Short web captions
------------------------------

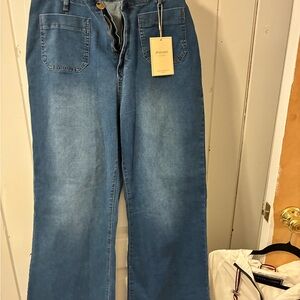 Wide-Leg Women's Jeans in Medium Blue - Unbranded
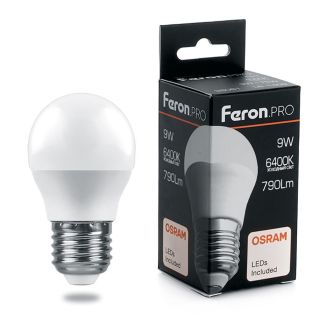 Лампа светодиодная Feron.PRO LB-1409 Шарик E27 9W 175-265V 6400K, 38082
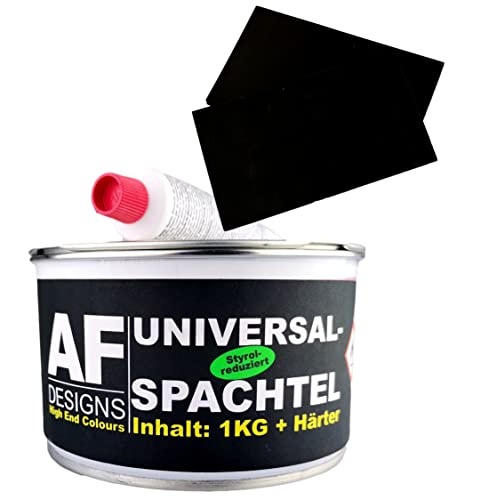 Alex Flittner Designs Universalspachtel & Härter 1 kg + 2x Gummispachtel Spachtelmasse Metall Holz Feinspachtel Alu Zink GFK von Alex Flittner Designs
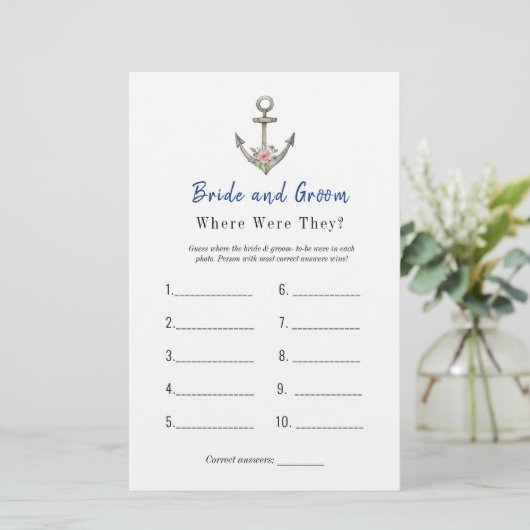 Papier Ancre "Où étaient-ils" Jeu de douche nuptiale (Debout devant)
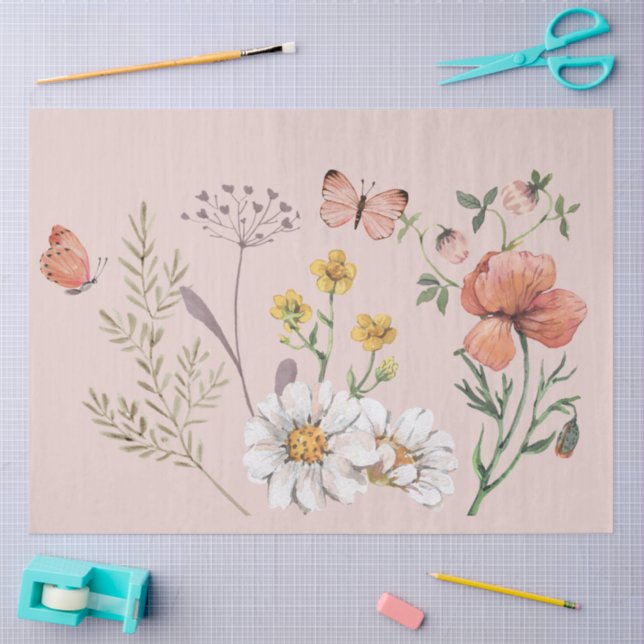 Blush Pink Peach Floral Wildflower Decoupage Tissue Paper (Craft)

------------------------------

_About this task_
Leave every image out and retype the entries above word for word.

_Answer box_
 Wide-Leg Women's Jeans in Medium Blue - Unbranded
 Лампа светодиодная Feron.PRO LB-1409 Шарик E27 9W 175-265V 6400K, 38082
 Alex Flittner Designs Universalspachtel & Härter 1 kg + 2x Gummispachtel Spachtelmasse Metall Holz Feinspachtel Alu Zink GFK von Alex Flittner Designs
 Papier Ancre "Où étaient-ils" Jeu de douche nuptiale (Debout devant)
 Blush Pink Peach Floral Wildflower Decoupage Tissue Paper (Craft)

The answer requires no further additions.